インターネットのもう1つの特徴は“コミュニケーションの革新”。EC studioではiPhoneとTwitterを徹底的に武器にしている。
山本社長の著書『iPhoneとツイッターで会社は儲かる』には、全社員(33人)にiPhoneを配布し、Twitterでつぶやき出した結果、社員のコミュニケーションの質が上がり、心理的距離が縮まり、組織のベクトルもそろい、しかも仕事が生まれたという実例が盛りだくさん。
「今日も、外部の知人SEが『そろそろ受注が減ってきた、手が空いてきた』とつぶやいたので、『じゃあこのWebサイトの仕事をしない?』とリツィートしてやってもらうことになりました」
同社社員のつぶやきはすべてオープン。伏せるべきことのマナーを徹底するだけで、そのほかは「あ〜疲れた」「風邪薬飲んで眠い……」とホンネ全開。同書執筆中の社員のつぶやき率は3分の2だったが、5月22日の山本さんのタイムラインを見ると「いつの間にかEC studioスタッフは全員Twitterのアクティブユーザーになっていた」という。
「会わない」「低料金」「効率重視」、でも「人間味」。なぜそんな経営スタイルに? 山本さんの事業タイムラインをさかのぼってみよう。
大学生のころ、ドットコムバブル全盛のロサンゼルスに遊学。目を付けたのはWebサイトの検索エンジン登録代行サービス。専用ソフトがあれば3分でできるのに、5万円で提供する業者ばかり。そこで効率を高めて3000円で提供すると大ヒット。経営効率の重要性と低料金の強みを肌で覚えた。
PCにも触れたこともない体育会系の高校生だった。家でゲームに熱中する弟を「軟弱者!」とののしった。
「『オタクしてんじゃない!』と弟をボコボコにしまして」と山本さんは笑う。
だが、弟のPCをのぞいてみて、そこに映っていた対戦ゲームに驚嘆した。「ネットってこんなことができるのか」と思い、弟からPC9821のおさがりをもらい、「ITで起業して人を幸せにしよう」という方針を定めた。弟は今、EC studioの技術スタッフだ。

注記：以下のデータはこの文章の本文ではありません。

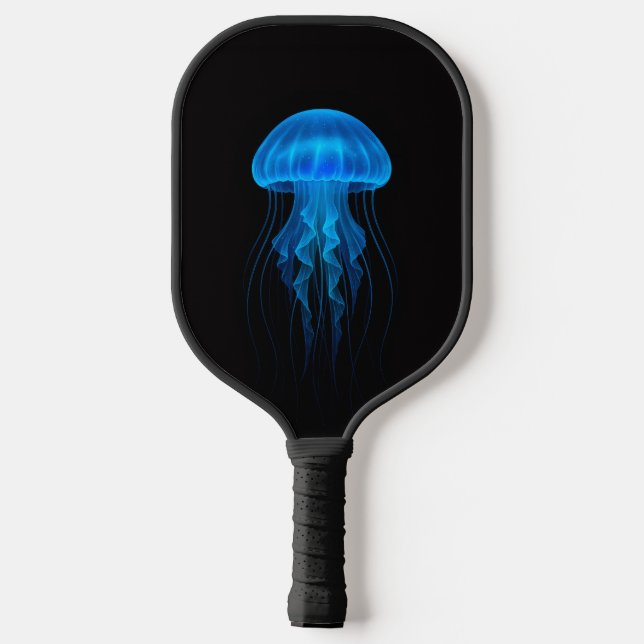 Black 4 Luxe Pickleball Paddle, Blue Jellyfish Pickleball Paddle (Back)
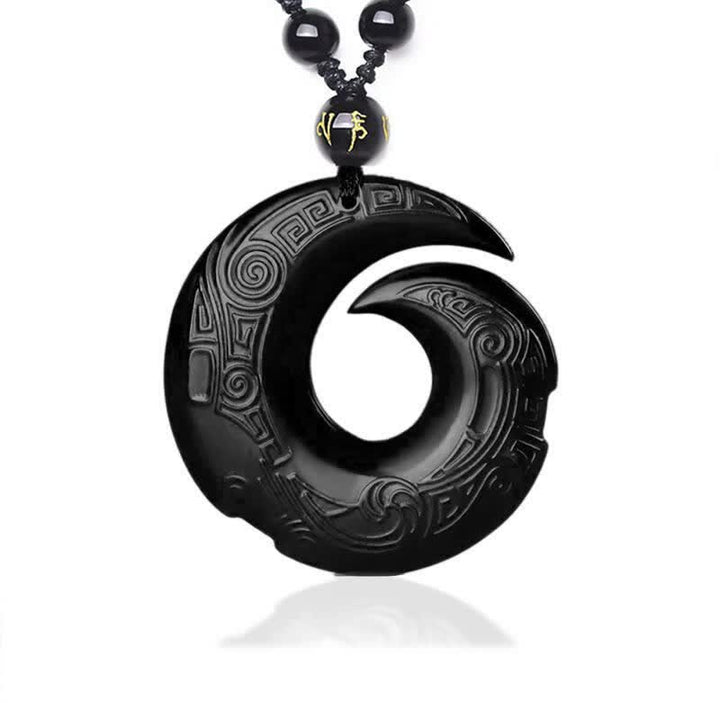 Collier pendentif en obsidienne noire naturelle et obsidienne glacée avec Buddha Stones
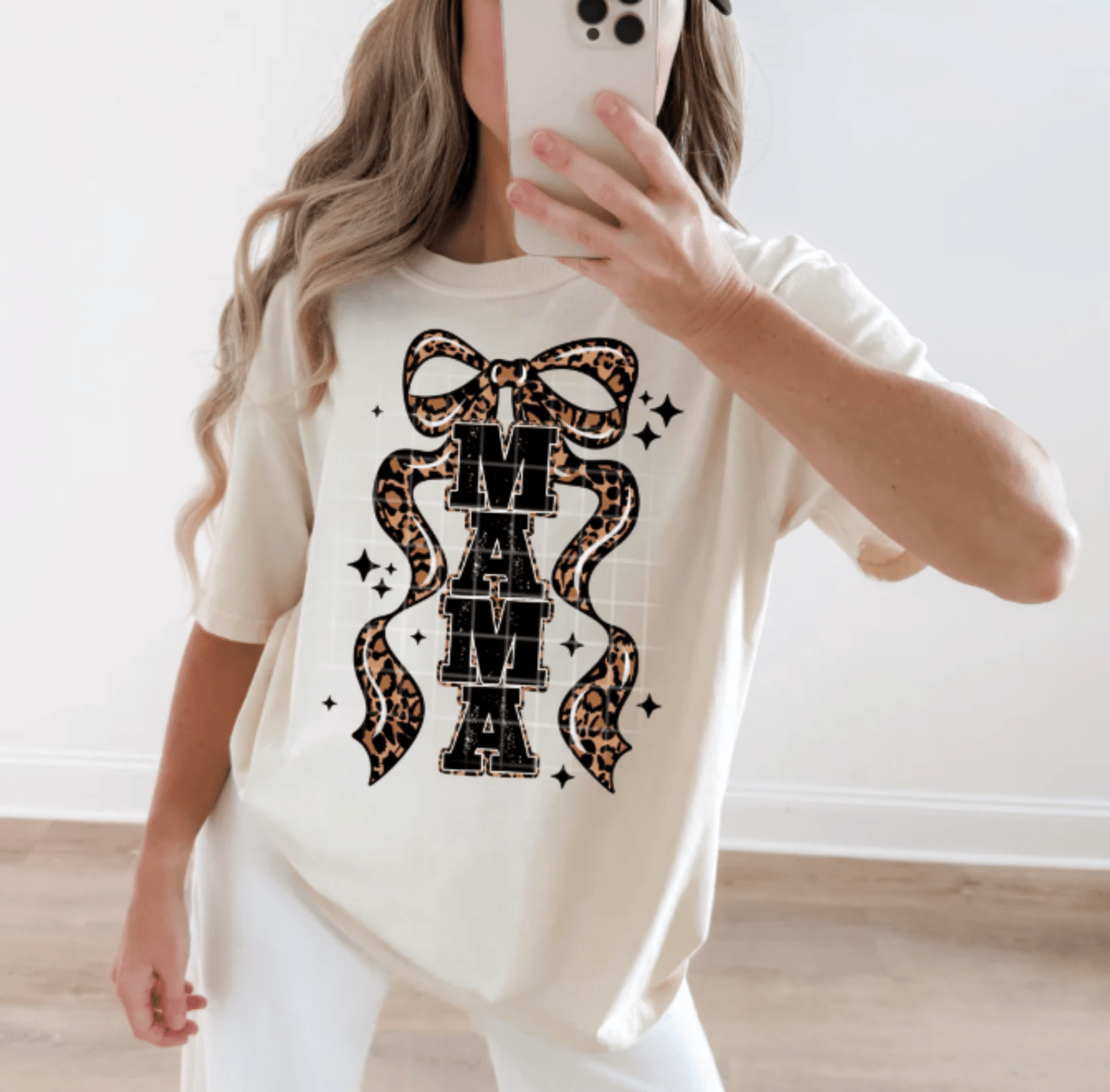 RTS MAMA LEOPARD BOW DTF DIRECT TO FILM transfers ADULT 10X11.5 - Do it yourself Transfers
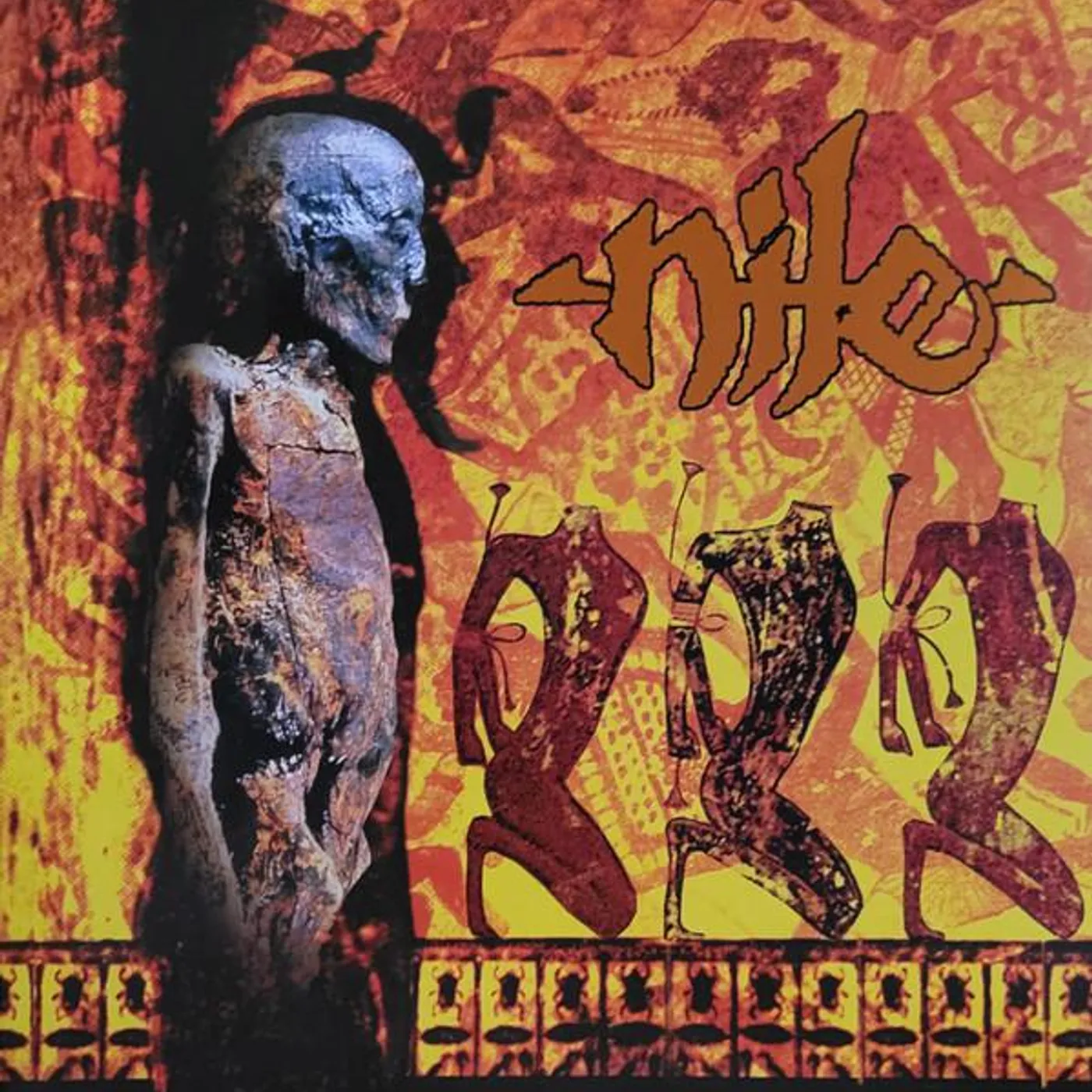 Nile AMONGST THE CATACOMBS OF NEPHREN-KA (YELLOW W/ ORANGE SPINNERS & BLACK, SILVER, RED SPLATTER VINYL) Vinyl Record
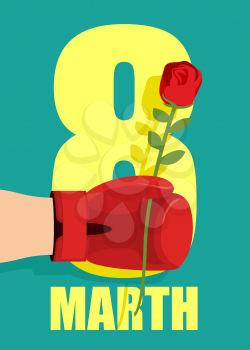 8 March. Red rose as gift for holiday. Mens hand and Boxing Glove. Strong man gives flower for women. International womens day.
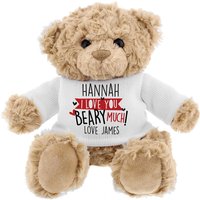 Personalised Memento Company Personalised Love You Beary Much Teddy Bear in Light Brown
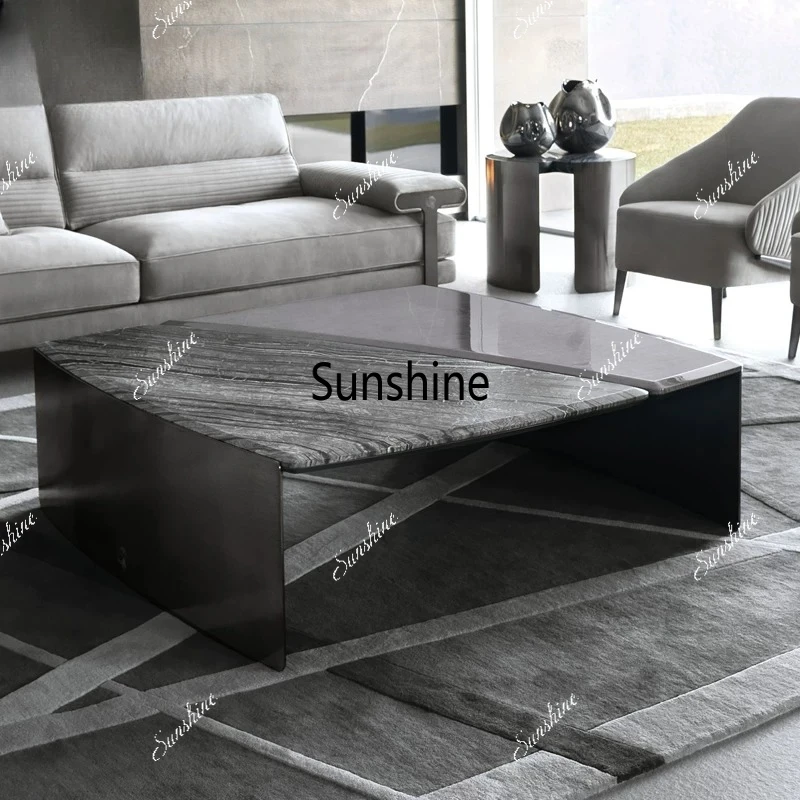 

Italian minimalist villa living room premium square marble coffee table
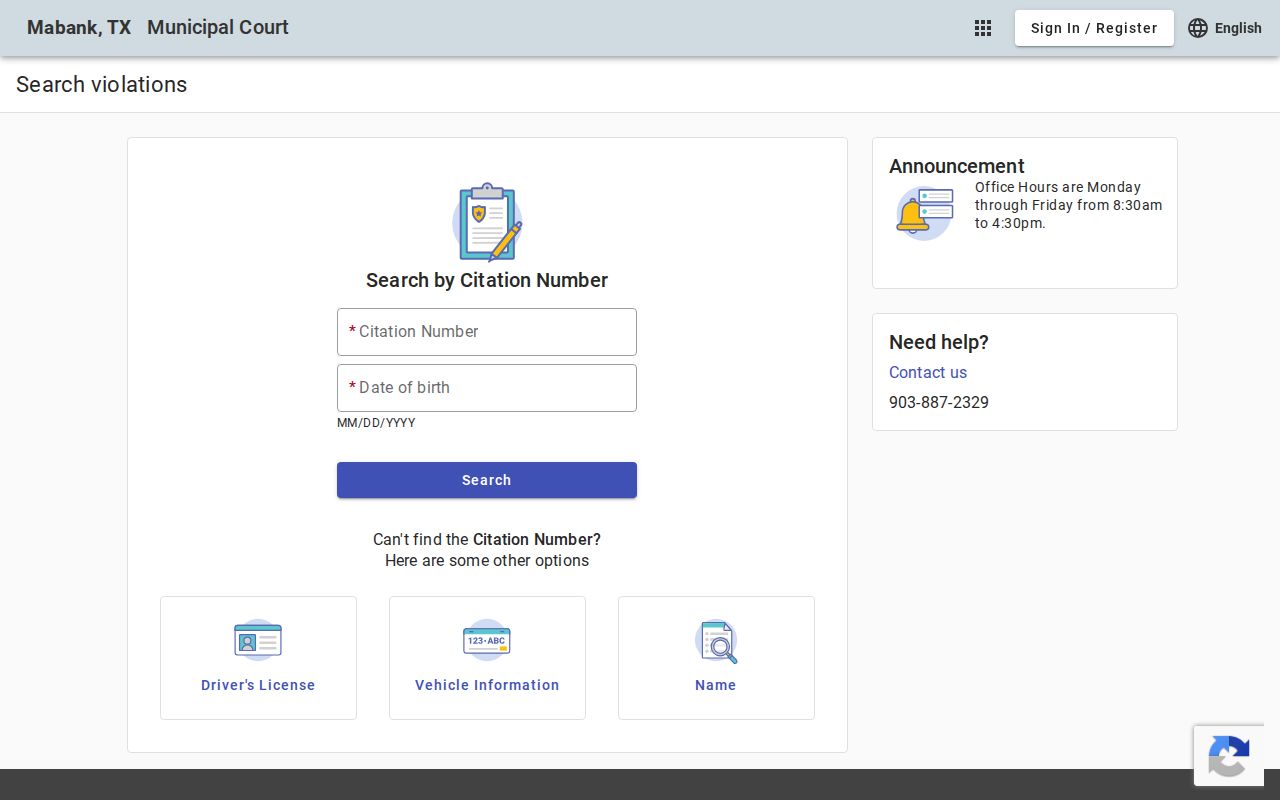 Mabank municipal portal search choices for city court cases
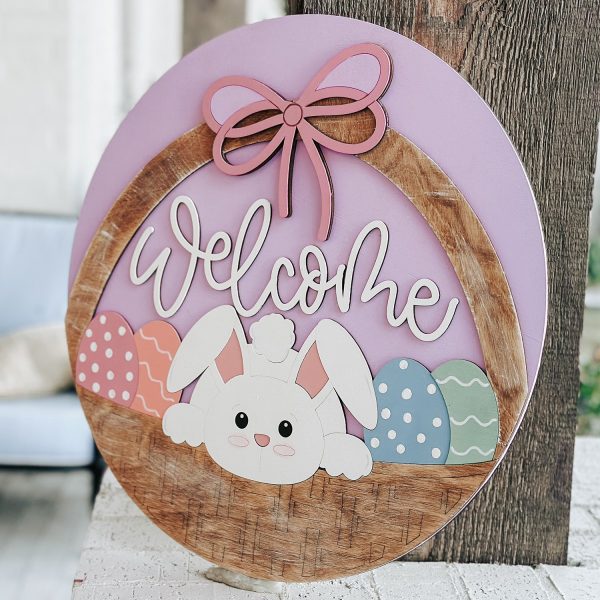 Welcome Bunny Easter Basket Door Hanger – Layered Round Spring Sign Online Sale - Image 3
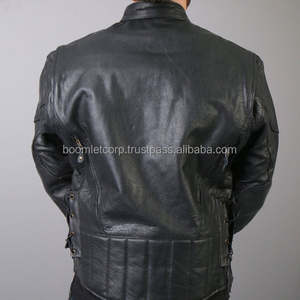 Chaqueta de moto de cuero genuino OEM | Chaqueta impermeable para montar al aire libre | Equipo de cuero de motorista cálido de invierno para hombres - Product Image 2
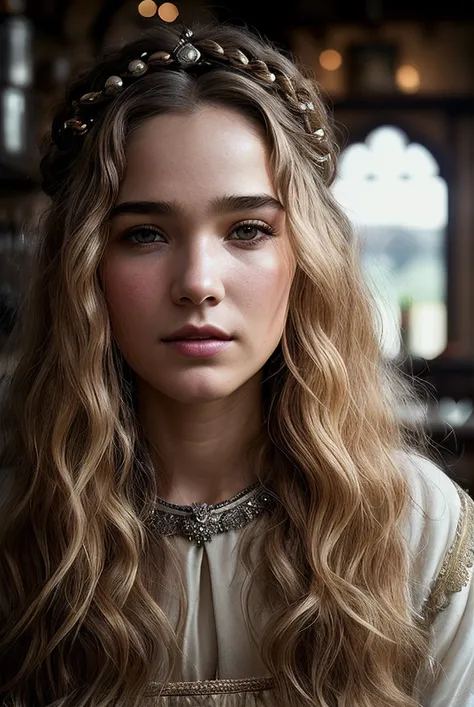 beautiful woman (EPH4l3yLu3R1ch4rds0nV2:.99), perfect hair, jewellery, ((portrait)), (closeup:1.2), ((from the waist up)), ((( medieval tavern :1.2 ))), natural skin texture, (( barmaid:1.3)), 24mm, 4k textures, soft cinematic light, adobe lightroom, photolab, hdr, intricate, elegant, highly detailed, sharp focus, ((((cinematic look)))), soothing tones, insane details, intricate details, hyperdetailed, low contrast, soft cinematic light, exposure blend, hdr, faded, now, ("I've got a bad feeling about this.":1.1)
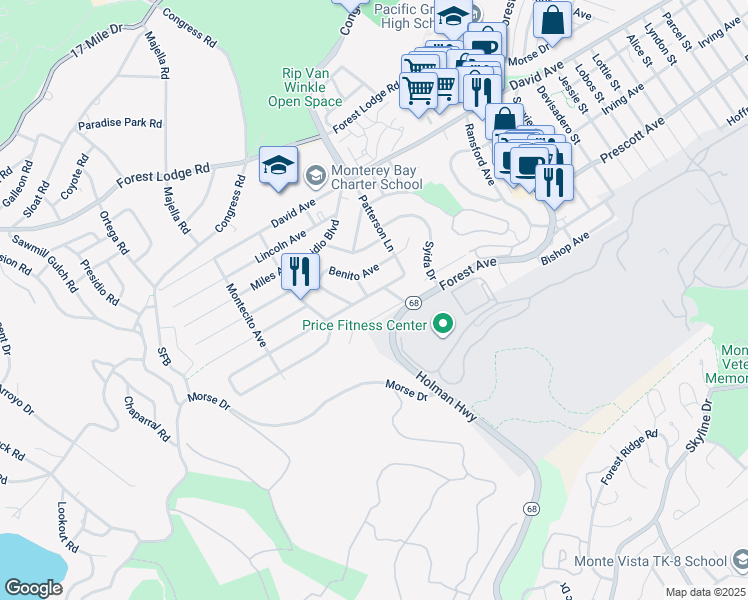 map of restaurants, bars, coffee shops, grocery stores, and more near 1230 Presidio Boulevard in Pacific Grove
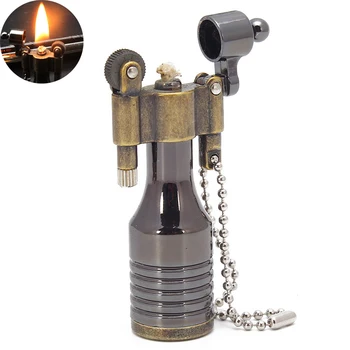 

Vintage Metal Lighter Flame Kerosene Lighters Retro Keychain Refillable Cigarette Accessories for Men Gift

小学校2年生のころ、食卓に“社長”と書かれたコップがあった。それを大事そうに眺めては使う父。山本さんが幼少のころから、父は独立して音楽スタジオの経営をしていた。子ども心に「社長はすごい」と思った。その後テレビで、会社にグチを言うサラリーマンの姿を見て決心が固まった。
「スタジオを継いでほしい」と願った父を袖にはしたが、会社名はEC(e-commerce)とstudio(音楽スタジオ)を重ねた。